**Provided data**
-.-.-

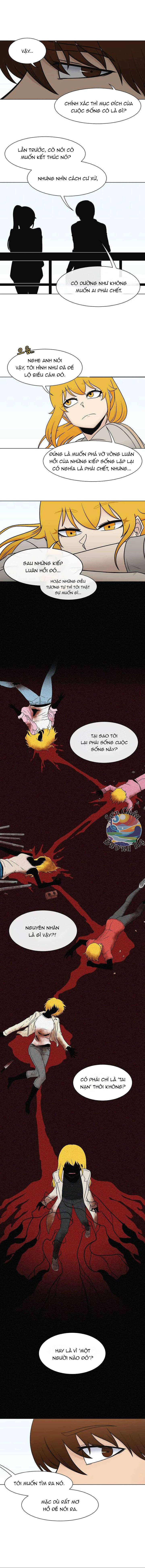 Triver-R Chapter 7 - 8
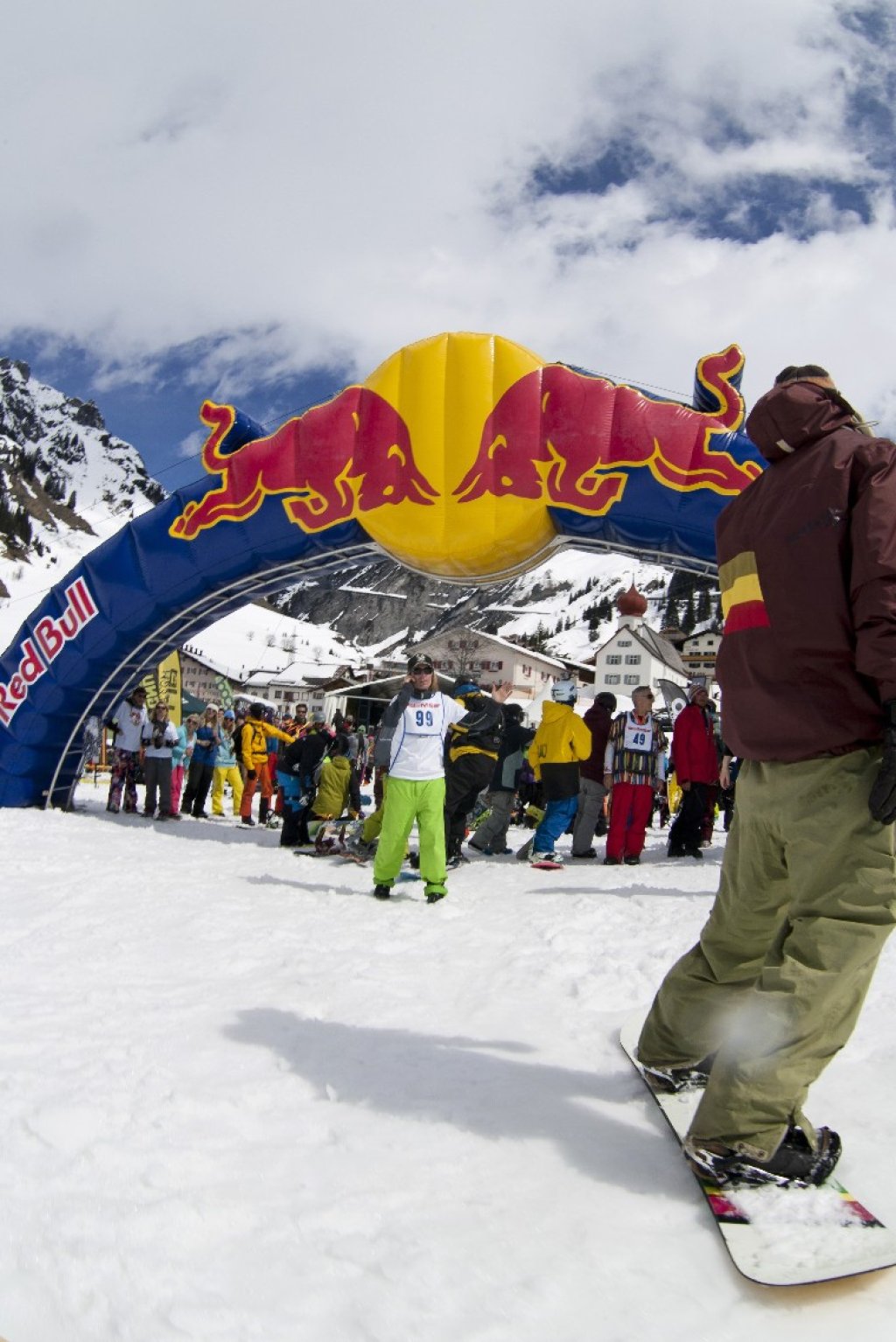 Powder Long Board Longboard Classic Stuben 2013 - Jízda pro Toma! | PowderGuide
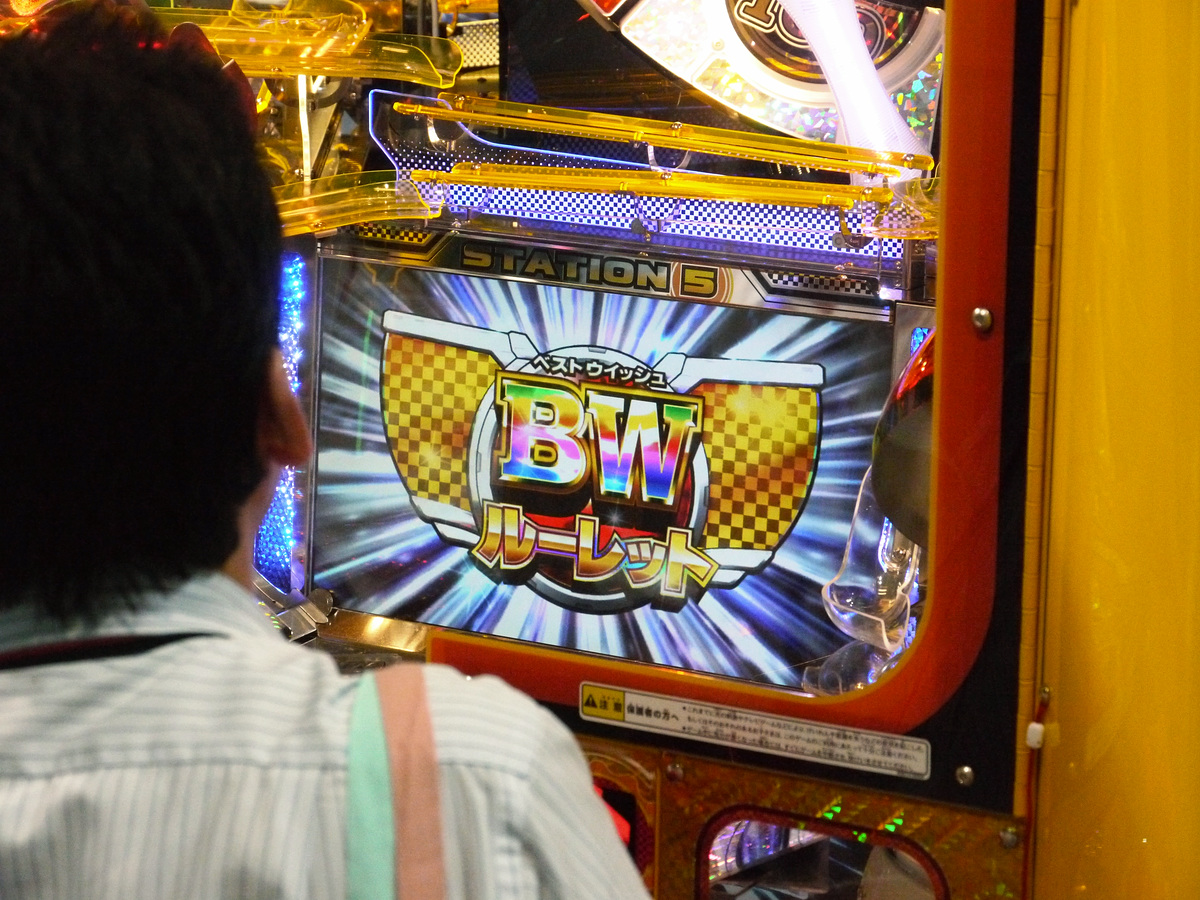 BWルーレットが気分を盛り上げるメダルゲーム「ポケモンメダルワールド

-.-.-

**Assignment**
Return the whole listing exactly, minus its pictures.

**Task output**
 Triver-R Chapter 7 - 8
 Powder Long Board Longboard Classic Stuben 2013 - Jízda pro Toma! | PowderGuide
 BWルーレットが気分を盛り上げるメダルゲーム「ポケモンメダルワールド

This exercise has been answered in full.